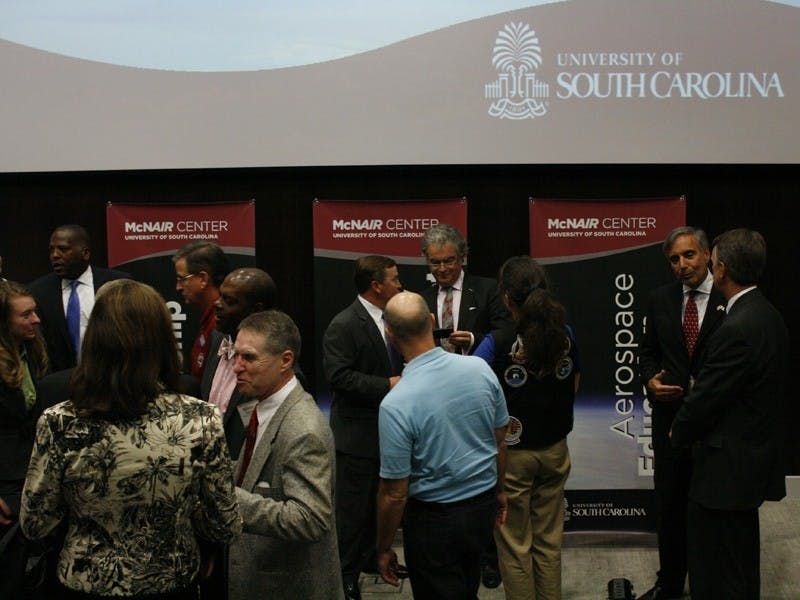 Officials from USC and the McNair center gather for the announcement of a $5 million donation Thursday.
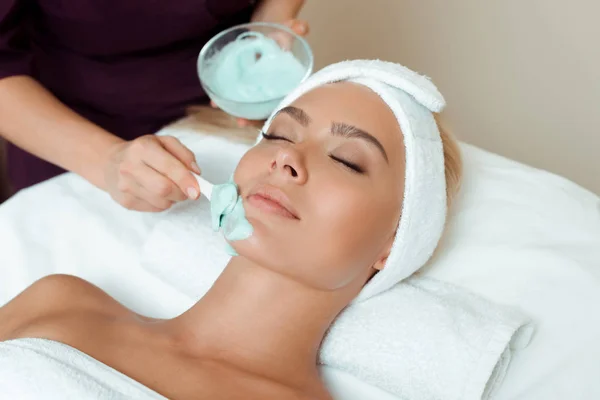 Vista recortada del cosmetólogo aplicando mascarilla facial en mujer atractiva en spa - foto de stock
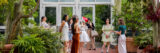 People gather for a tour in a lush green conservatory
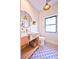 Stylish powder room features modern vanity, gold fixtures, round mirror, and patterned floor tile at 2182 S Ogden St, Denver, CO 80210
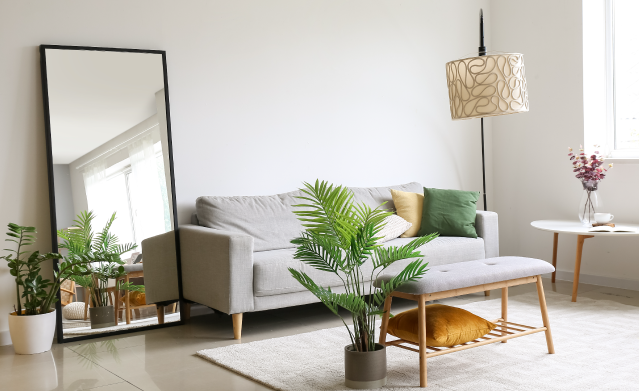 Floor mirror leaning on a modern living room wall ready for pickup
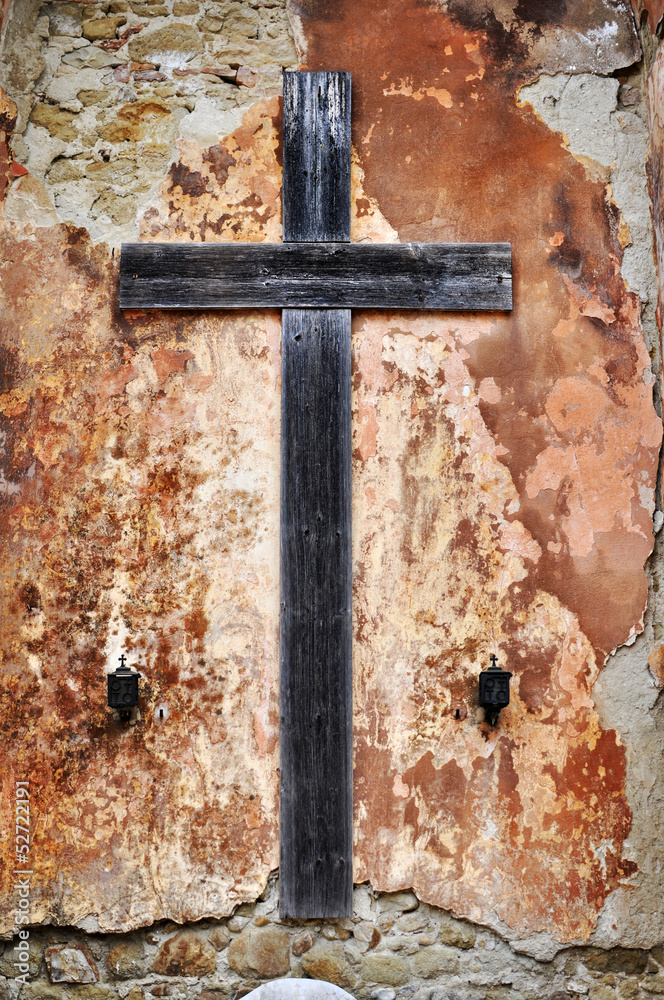Croce in legno su vecchio muro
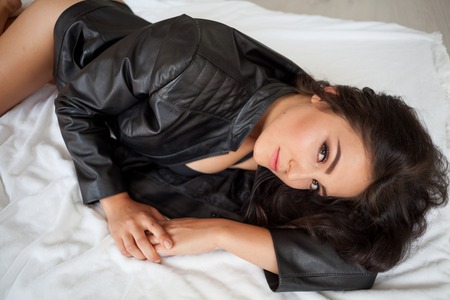 girl in black lingerie is lying on a white bedの写真素材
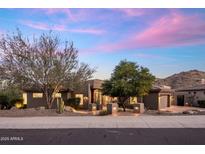 Beautiful single-story home with desert landscaping and mountain views at sunset at 15135 E Sundown Dr, Fountain Hills, AZ 85268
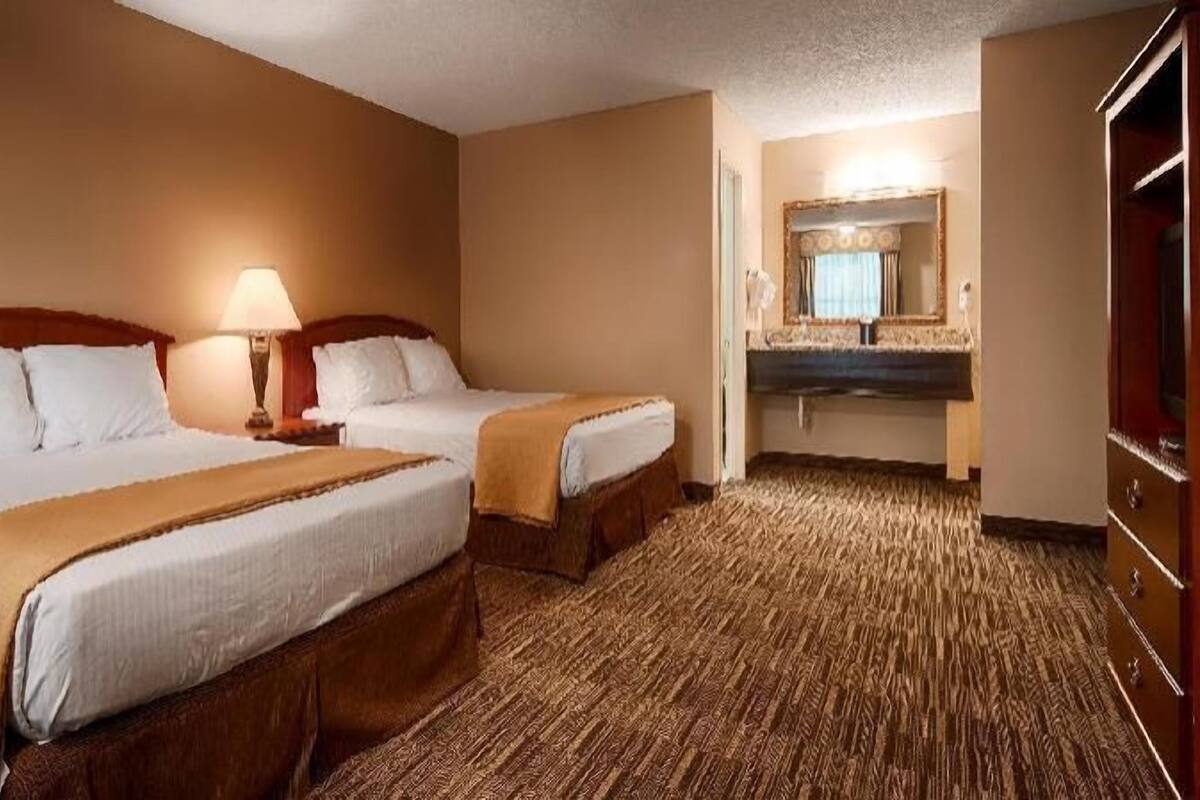 Premium bedding, desk, laptop workspace, iron/ironing board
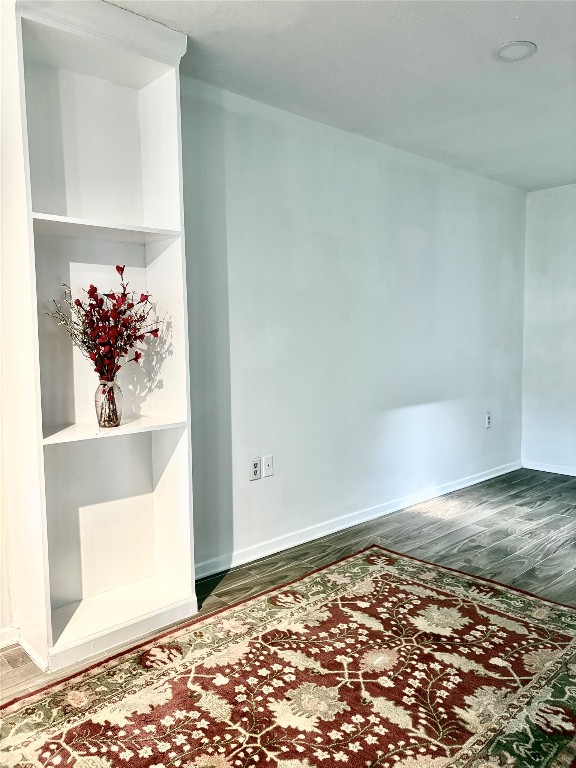 1407 Nevada Street Houston, TX 77006 - Photo 5 of 26 an empty room with a bench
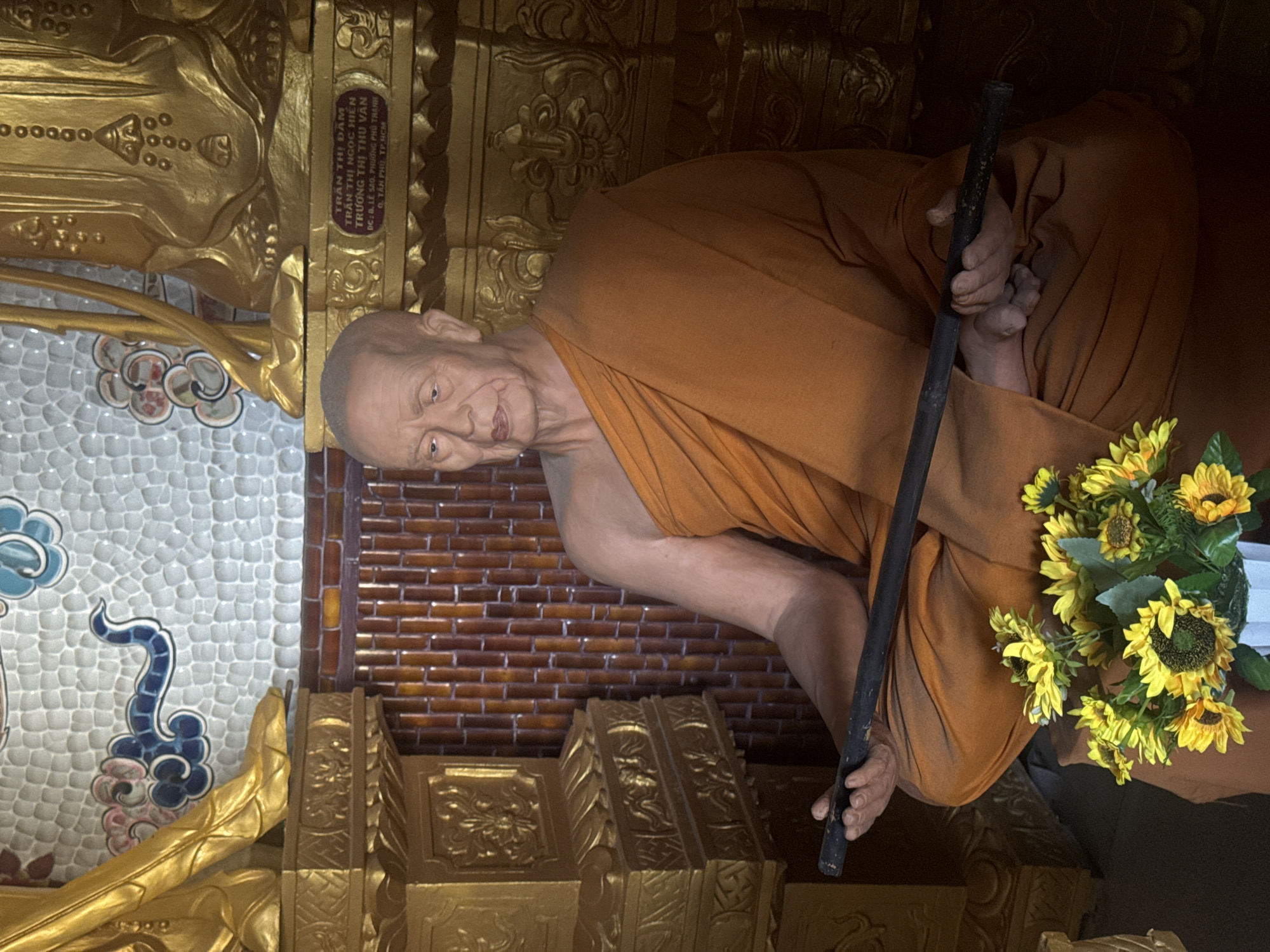 This image depicts a life-sized statue of an elderly Buddhist monk, seated cross-legged on a dark platform in what appears to be a temple or shrine, located in the city of Xuân Thành, Vietnam.
The monk statue, rendered with realistic detail, has a bald head and a weathered face featuring pronounced wrinkles on the forehead, around the eyes, and mouth, consistent with advanced age. His eyes are open, gazing slightly downward and to the viewer's left, with a serene or contemplative expression. He is draped in a loose-fitting, saffron or burnt orange monastic robe (kasaya) that covers his body from the shoulders down, exhibiting natural folds and creases. Both hands are positioned on his lap, holding a dark, cylindrical staff or rod horizontally across his knees.
In the immediate foreground, at the bottom center, a white vase containing a bouquet of artificial sunflowers is placed. The sunflowers are bright yellow with dark brown centers and green leaves.
The background features ornate architectural elements. To the left and right of the monk statue, large golden pedestals or bases are visible, intricately carved with decorative patterns. The lower sections of two standing golden statues are visible above these pedestals; the one on the left shows a distinct foot, while the one on the right shows a section of draped garment. On the golden base to the right, a rectangular plaque is affixed, displaying Vietnamese text in black: "TRẦN THỊ ĐÀM," "TRƯƠNG THỊ NGỌC HIỀN," "TRƯƠNG THỊ THU VÂN," "DC: 8, LÊ SAO, PHƯỜNG PHÚ THẠNH," and "Q. TÂN PHÚ, TP. HCM."
Behind the golden structures, the wall is composed of two distinct sections. The lower section consists of reddish-brown, vertically aligned, cylindrical elements, resembling bamboo or narrow wood planks. The upper section is a light-colored tiled wall with a textured, possibly scaled pattern. This tiled wall is decorated with stylized cloud motifs in blue and pink, and a blue serpentine or bird-like design on the left, and fainter circular patterns on the right.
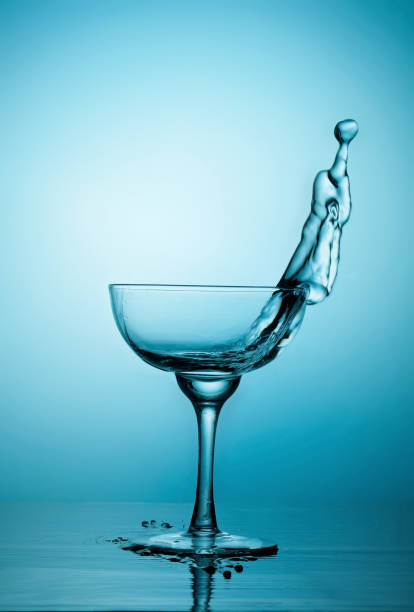 istock Water or alcohol splashes out of a glass 1076157854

WORK REQUEST -
The reply should hold only the lines running from the top of the records to the line containing "People gather for", both included, copied exactly with no pictures.

TASK ANSWER -
 Officials from USC and the McNair center gather for the announcement of a $5 million donation Thursday.
 Vista recortada del cosmetólogo aplicando mascarilla facial en mujer atractiva en spa - foto de stock
 People gather for a tour in a lush green conservatory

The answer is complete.